The text as shown on the graphic read: ‘On January 6, 2021, Vice President Mike Pence, as President of the Senate, should call out all electoral votes that he believes are unconstitutional as no electoral votes at all.”
Three sources told CNN the full message was: “On January 6, 2021, Vice President Mike Pence, as President of the Senate, should call out all electoral votes that he believes are unconstitutional as no electoral votes at all — in accordance with guidance from founding father Alexander Hamilton and judicial precedence. ‘No legislative act,’ wrote Alexander Hamilton in Federalist No. 78, ‘contrary to the Constitution, can be valid.’ The court in Hubbard v. Lowe reinforced this truth: ‘That an unconstitutional statute is not a law at all is a proposition no longer open to discussion.’ 226 F. 135, 137 (SDNY 1915), appeal dismissed, 242 U.S. 654 (1916). Following this rationale, an unconstitutionally appointed elector, like an unconstitutionally enacted statute, is no elector at all.”
The House select committee has asked phone companies for records including subscriber information and call logs but not the content of individual communications.
In his letter, Jordan claimed the committee “has abused fundamental civil liberties” by “seeking to impose gag orders on telecom and email companies to prevent them from notifying their customers that the Select Committee has demanded their data.”
Facts First: This is misleading at best. It’s possible Jordan’s claim is based on the fact that the committee at one point asked Verizon to contact them if the company could not respond to requests without alerting the specific subscriber or account. However, after the committee issued its latest round of phone record subpoenas, Verizon did inform its customers they would need to file in court by January 5 if they wanted to try to block the panel from getting the records, according to some of the filings.
Jordan said the committee “falsely accused former New York Police Commissioner Bernard Kerik of attending a meeting in Washington on January 5, 2021, when Kerik was actually in New York City.”
Facts First: While it’s unclear whether Kerik was physically present at the January 5 meeting in Washington, he did play a role in helping organized the election-related command center for Trump advisors in DC ahead of January 6.

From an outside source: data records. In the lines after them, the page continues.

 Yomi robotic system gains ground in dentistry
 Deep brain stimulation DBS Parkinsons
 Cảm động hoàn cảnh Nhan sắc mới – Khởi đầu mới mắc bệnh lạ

Kerik was subpoenaed by the committee in November in part because the committee alleged he had attended a meeting at the Willard Hotel in Washington, DC on January 5 in which Trump advisors discussed options for overturning the election results. But in a letter, Kerik’s lawyer Timothy Parlatore wrote that “Mr. Kerik never participated in any such meeting,” adding that “he was in New York dealing with a family medical emergency” on January 5.

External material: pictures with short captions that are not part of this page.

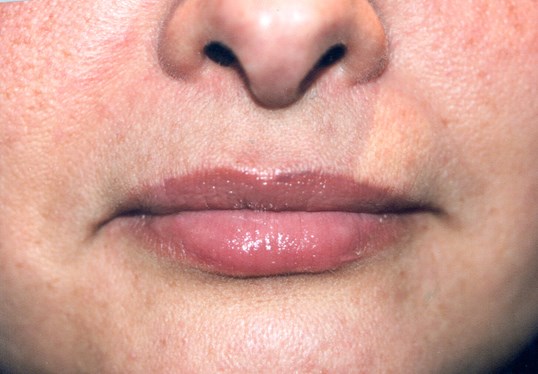 lips on a woman from restylane
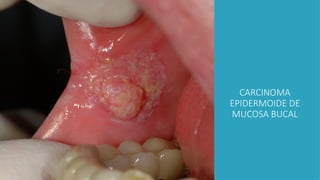 CARCINOMA
EPIDERMOIDE DE
MUCOSA BUCAL
 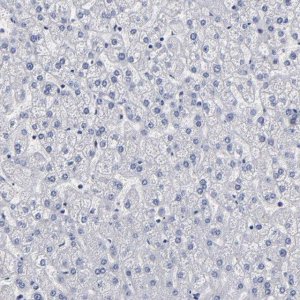 Anti-FABP4 antibody produced in rabbit 
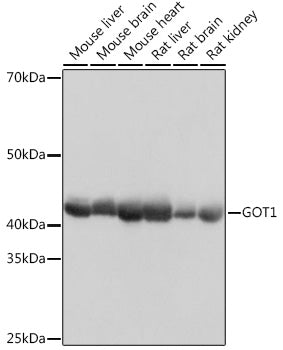 GOT1 Rabbit mAb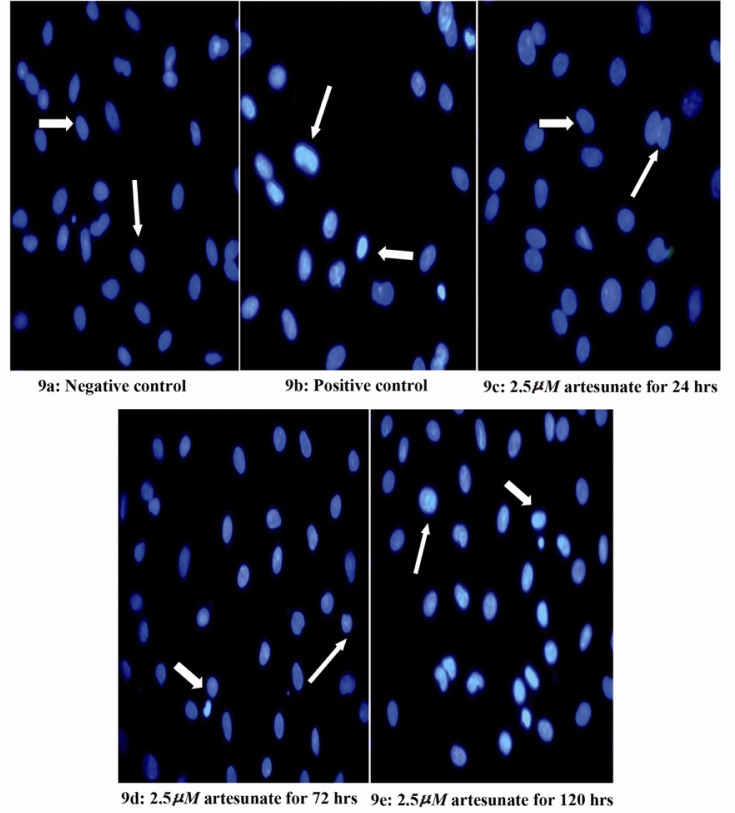Figure 9 Effects of 2.5 μM artesunate on ds-DNA integrity of Sertoli cells. (9a) Negative control (untreated) (9b) Positive control (N-9 treated) (9c) 2.5 μM of artesunate for 24 hours (9d) 2.5 μM of artesunate for 72 hours (9e) 2.5 μM of artesunate 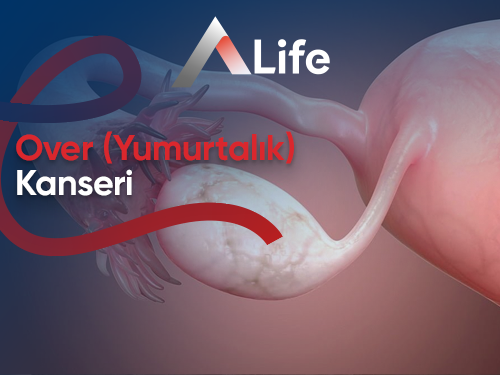 Over Kanseri (Yumurtalık Kanseri)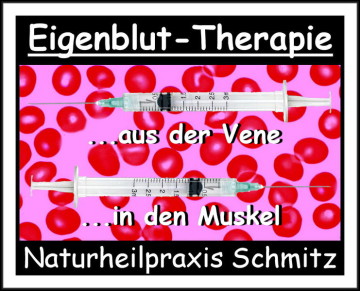 Immunstimulation durch Eigenblut-Inektionen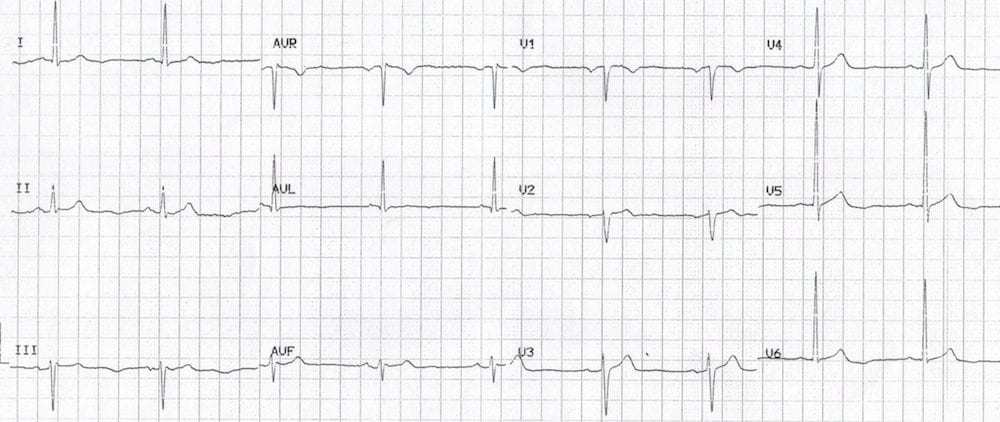 ECG lateral U wave inversion Something Sinister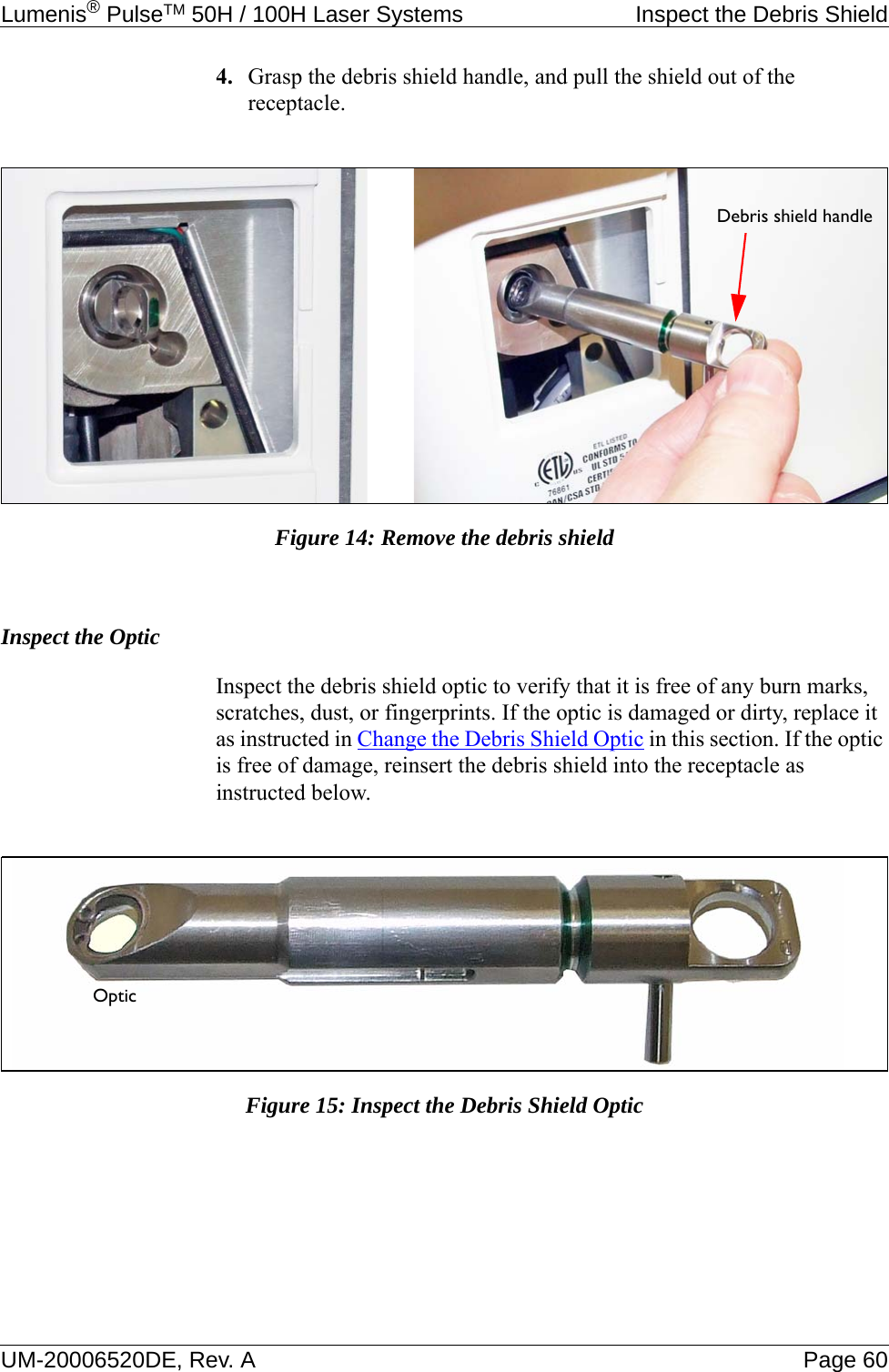 Lumenis® PulseTM 50H / 100H Laser Systems  Inspect the Debris ShieldUM-20006520DE, Rev. A Page 604. Grasp the debris shield handle, and pull the shield out of the receptacle. Figure 14: Remove the debris shieldInspect the OpticInspect the debris shield optic to verify that it is free of any burn marks, scratches, dust, or fingerprints. If the optic is damaged or dirty, replace it as instructed in Change the Debris Shield Optic in this section. If the optic is free of damage, reinsert the debris shield into the receptacle as instructed below.Figure 15: Inspect the Debris Shield OpticDebris shield handleOptic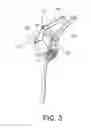 Fig. 04 - Spreading retractor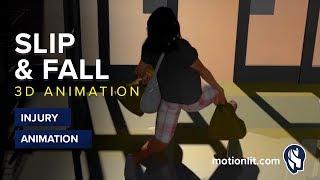 Slip and Fall - Injury Animation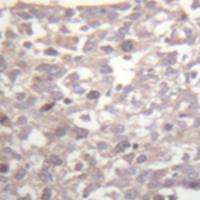 兔抗TUBG1多克隆抗体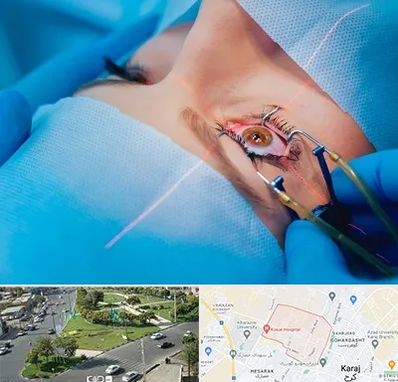 عمل prk چشم در شاهین ویلا کرج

Even if Kerik wasn’t in DC, that does not automatically absolve him of what the committee claims, as he could have participated in the meeting remotely by dialing in. The fact remains that Kerik was involved in operations at the Willard more broadly.

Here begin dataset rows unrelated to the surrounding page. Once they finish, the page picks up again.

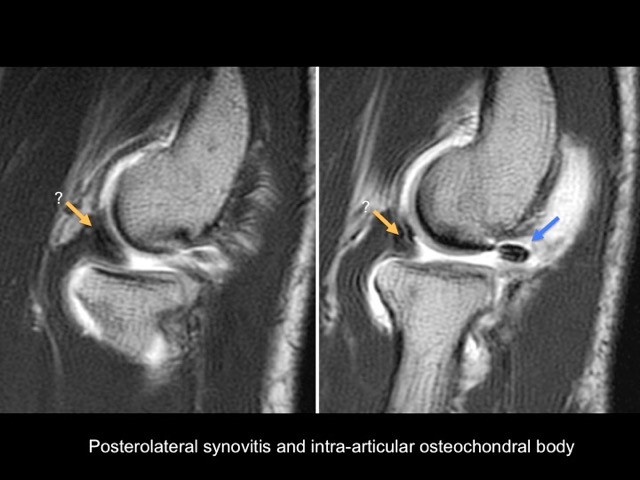 Figure 3 for case annular ligament of radius ( RID2048 )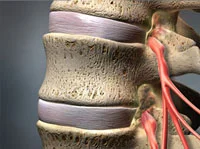 Neck Conditions →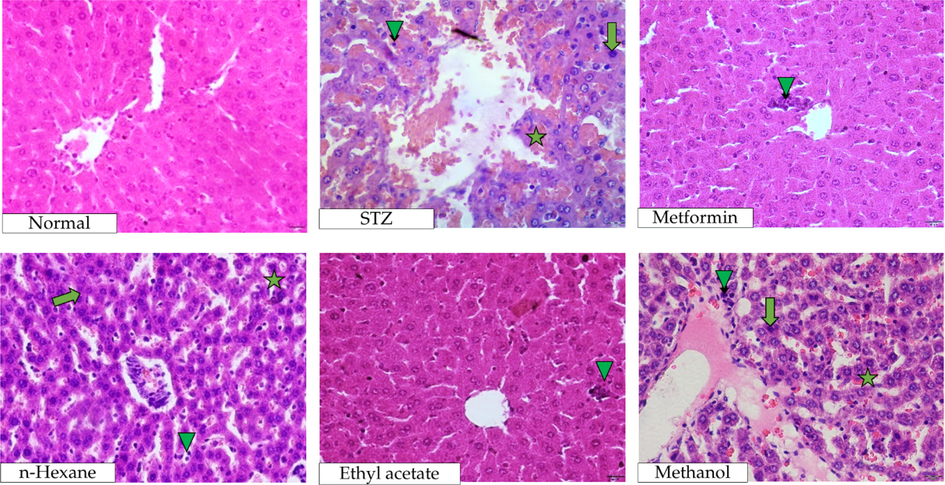 Histopathological images of liver after the administration of P. emblica extracts into STZ-induced diabetic rats. Necrosis, congestion, and inflammation are indicated by arrow (↑), star (★), and triangle (▲) symbols, respectively.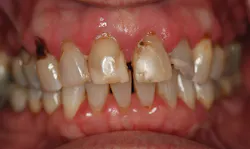 1711deshu P05 1711deshu P05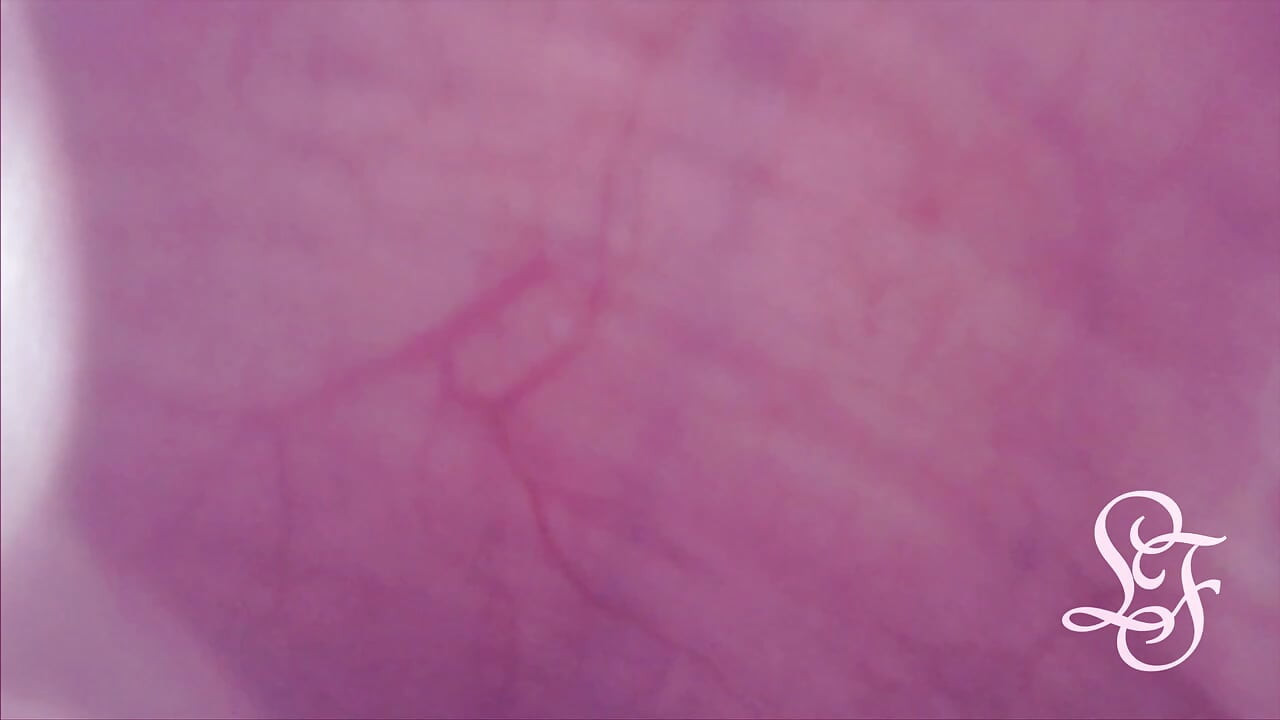 Bulge INSIDE my Bladder from Anal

In its request to Kerik, the committee mentioned public records which show Kerik “paid for rooms and suites in Washington, DC, hotels that served as election-related command centers” and cited a Washington Post article which names Kerik as an investigator for the effort to reinstate Trump.
While the article does not specify whether Kerik attended the Jan. 5 meeting, Kerik confirmed to CNN that most of the Post’s story was accurate.
Kerik also told CNN that he and others on the legal team were focused on investigating election fraud starting on November 5 and that’s what they were doing at the Willard.
“Moving into the Willard had nothing to do with January 6,” Kerik said.